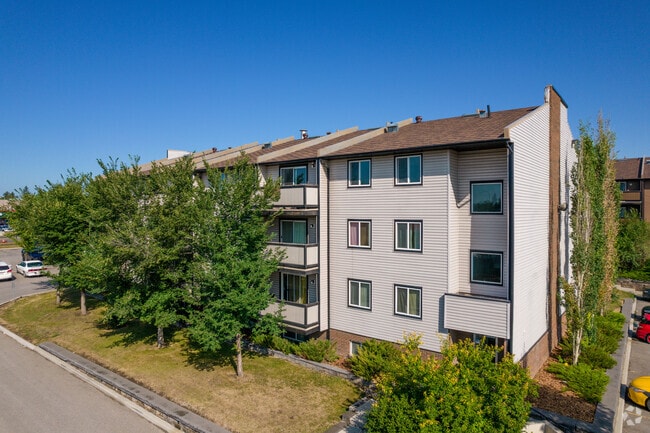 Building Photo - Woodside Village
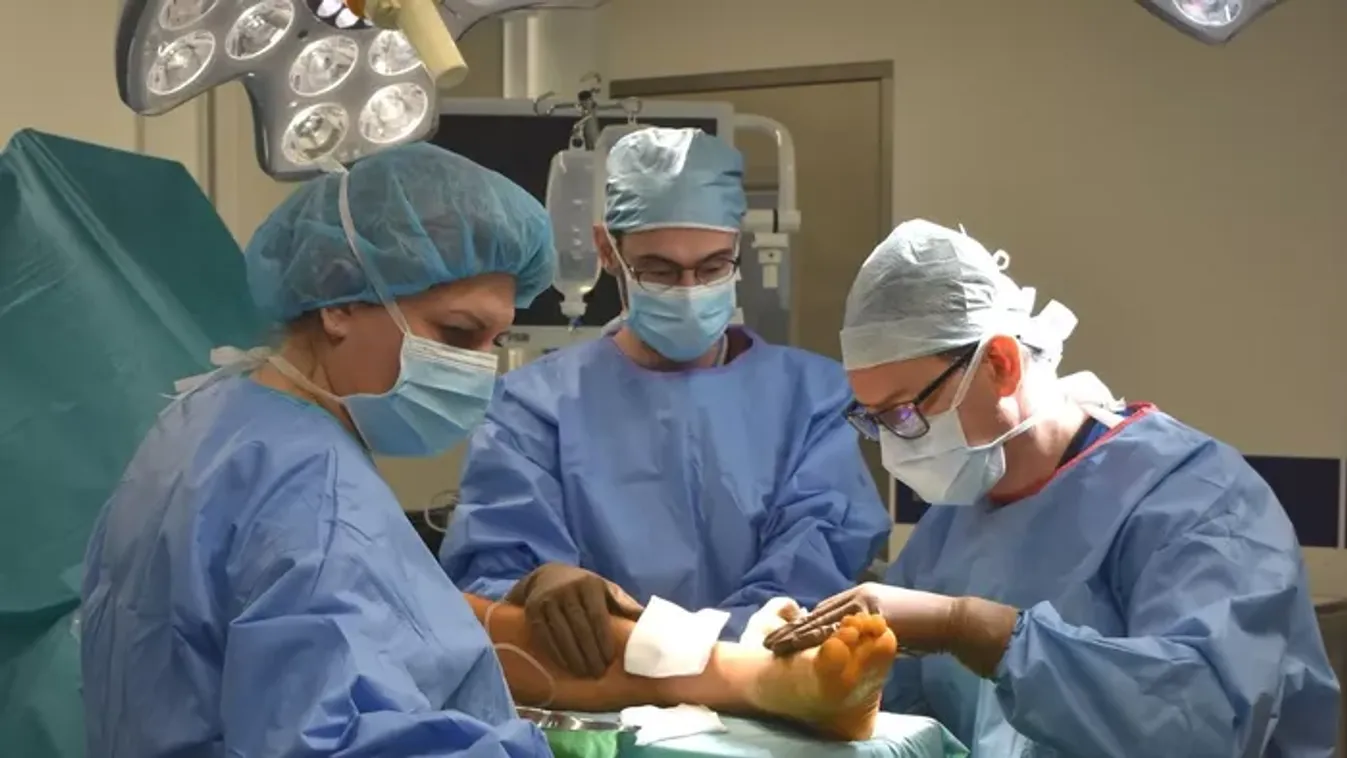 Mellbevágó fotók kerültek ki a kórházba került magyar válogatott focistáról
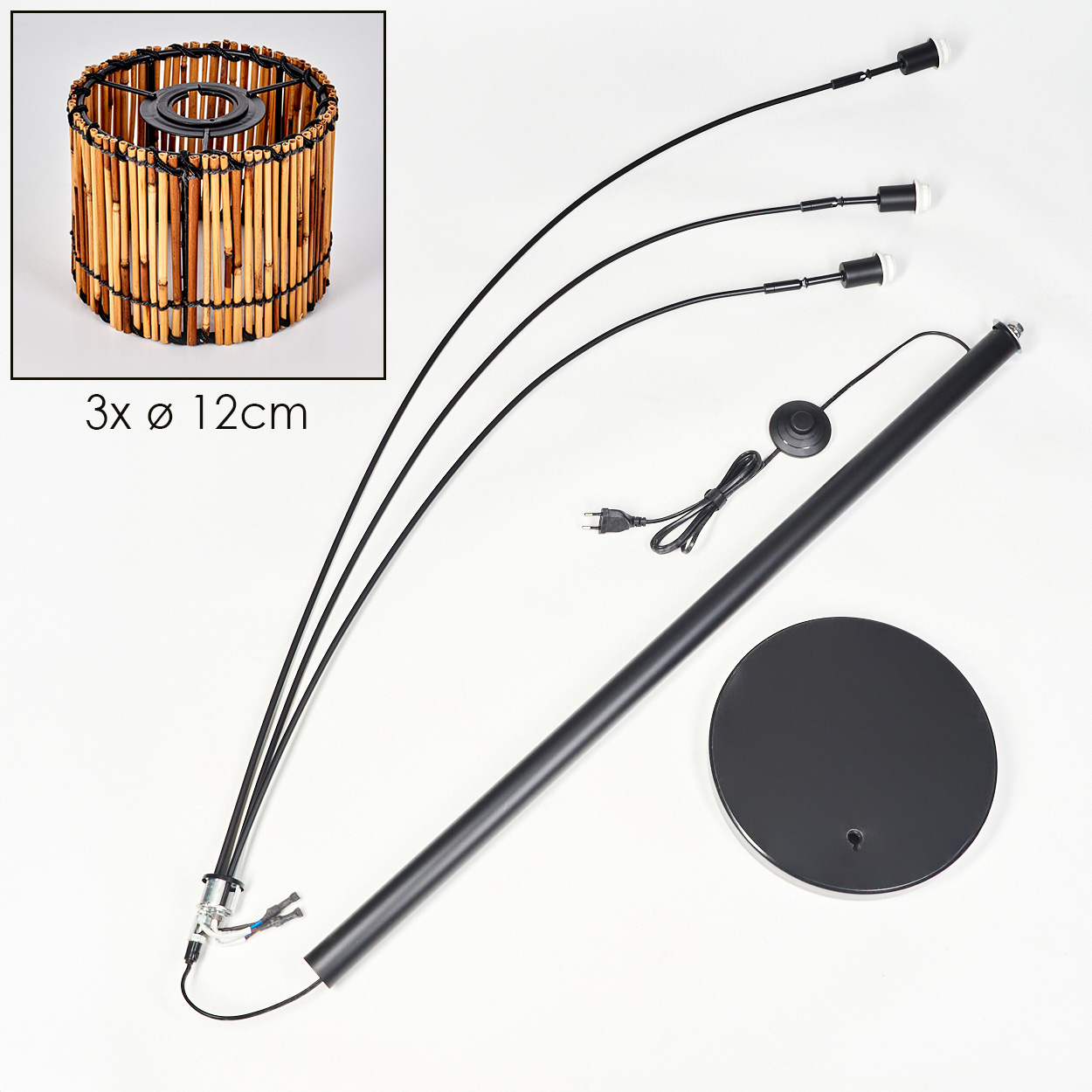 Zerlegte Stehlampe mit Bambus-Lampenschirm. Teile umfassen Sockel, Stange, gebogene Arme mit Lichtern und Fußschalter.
========================
# Work to complete
Reproduce the full listing faithfully, but do not carry over any pictures.

# Result of this exercise
 Building Photo - Woodside Village
 Mellbevágó fotók kerültek ki a kórházba került magyar válogatott focistáról
 Zerlegte Stehlampe mit Bambus-Lampenschirm. Teile umfassen Sockel, Stange, gebogene Arme mit Lichtern und Fußschalter.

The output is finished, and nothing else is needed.